Task goal: Leave out the lines before the one with "ヒメ日記 2025/04/23 13:06 投稿 のんの 小山人妻隊"; output that line and all remaining lines of the records exactly.

Material supplied:
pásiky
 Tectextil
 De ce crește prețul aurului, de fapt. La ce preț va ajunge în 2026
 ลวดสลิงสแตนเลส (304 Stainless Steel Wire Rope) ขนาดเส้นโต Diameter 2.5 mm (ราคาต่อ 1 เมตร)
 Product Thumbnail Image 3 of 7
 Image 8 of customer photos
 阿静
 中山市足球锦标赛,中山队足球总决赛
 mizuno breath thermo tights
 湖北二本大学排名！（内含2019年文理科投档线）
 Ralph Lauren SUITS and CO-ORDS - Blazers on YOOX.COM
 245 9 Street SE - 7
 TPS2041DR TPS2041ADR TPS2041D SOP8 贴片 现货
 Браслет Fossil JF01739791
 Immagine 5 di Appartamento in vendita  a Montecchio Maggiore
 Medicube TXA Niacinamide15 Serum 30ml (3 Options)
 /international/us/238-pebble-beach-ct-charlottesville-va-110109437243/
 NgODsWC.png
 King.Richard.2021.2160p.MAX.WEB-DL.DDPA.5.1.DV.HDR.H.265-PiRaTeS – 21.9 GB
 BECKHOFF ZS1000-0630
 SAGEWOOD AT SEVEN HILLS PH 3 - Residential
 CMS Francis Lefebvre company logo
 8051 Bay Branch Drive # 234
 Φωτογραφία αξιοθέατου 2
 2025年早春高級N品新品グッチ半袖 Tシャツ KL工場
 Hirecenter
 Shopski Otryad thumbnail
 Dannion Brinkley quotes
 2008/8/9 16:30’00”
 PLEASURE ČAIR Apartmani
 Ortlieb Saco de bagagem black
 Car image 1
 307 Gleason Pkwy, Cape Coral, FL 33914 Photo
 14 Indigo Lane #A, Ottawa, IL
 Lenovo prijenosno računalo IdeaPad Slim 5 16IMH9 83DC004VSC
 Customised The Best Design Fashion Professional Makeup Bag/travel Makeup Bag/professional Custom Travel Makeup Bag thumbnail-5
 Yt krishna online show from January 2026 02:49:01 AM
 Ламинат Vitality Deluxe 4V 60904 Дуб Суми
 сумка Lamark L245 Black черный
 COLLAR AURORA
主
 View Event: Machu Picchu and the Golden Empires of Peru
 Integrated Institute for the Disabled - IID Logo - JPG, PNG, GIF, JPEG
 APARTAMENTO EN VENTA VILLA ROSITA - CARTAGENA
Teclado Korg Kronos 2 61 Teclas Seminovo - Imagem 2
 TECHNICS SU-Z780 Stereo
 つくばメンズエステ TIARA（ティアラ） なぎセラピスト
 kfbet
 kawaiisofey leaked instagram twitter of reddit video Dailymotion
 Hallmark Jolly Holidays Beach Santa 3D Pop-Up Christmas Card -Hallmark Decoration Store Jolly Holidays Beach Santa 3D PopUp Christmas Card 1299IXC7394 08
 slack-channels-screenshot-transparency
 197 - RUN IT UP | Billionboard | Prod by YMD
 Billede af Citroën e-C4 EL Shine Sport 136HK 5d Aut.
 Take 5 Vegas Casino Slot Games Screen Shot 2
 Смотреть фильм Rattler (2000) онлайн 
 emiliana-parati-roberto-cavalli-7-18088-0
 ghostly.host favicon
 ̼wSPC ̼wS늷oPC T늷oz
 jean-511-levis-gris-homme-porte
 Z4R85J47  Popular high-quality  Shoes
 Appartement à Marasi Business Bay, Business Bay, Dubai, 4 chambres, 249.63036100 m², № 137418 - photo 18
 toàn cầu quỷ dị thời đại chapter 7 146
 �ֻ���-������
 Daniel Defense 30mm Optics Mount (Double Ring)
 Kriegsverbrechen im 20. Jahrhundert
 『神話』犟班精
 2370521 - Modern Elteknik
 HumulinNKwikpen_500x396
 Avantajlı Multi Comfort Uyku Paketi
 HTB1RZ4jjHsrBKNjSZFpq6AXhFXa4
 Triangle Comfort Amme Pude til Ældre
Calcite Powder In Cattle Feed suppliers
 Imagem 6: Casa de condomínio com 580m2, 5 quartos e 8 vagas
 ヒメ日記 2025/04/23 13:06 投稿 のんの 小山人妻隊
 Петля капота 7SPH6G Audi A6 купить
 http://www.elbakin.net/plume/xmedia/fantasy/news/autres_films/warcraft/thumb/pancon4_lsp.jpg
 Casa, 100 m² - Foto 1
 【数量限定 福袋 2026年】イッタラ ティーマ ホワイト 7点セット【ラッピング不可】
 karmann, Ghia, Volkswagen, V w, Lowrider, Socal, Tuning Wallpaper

Answer section:
 ヒメ日記 2025/04/23 13:06 投稿 のんの 小山人妻隊
 Петля капота 7SPH6G Audi A6 купить
 http://www.elbakin.net/plume/xmedia/fantasy/news/autres_films/warcraft/thumb/pancon4_lsp.jpg
 Casa, 100 m² - Foto 1
 【数量限定 福袋 2026年】イッタラ ティーマ ホワイト 7点セット【ラッピング不可】
 karmann, Ghia, Volkswagen, V w, Lowrider, Socal, Tuning Wallpaper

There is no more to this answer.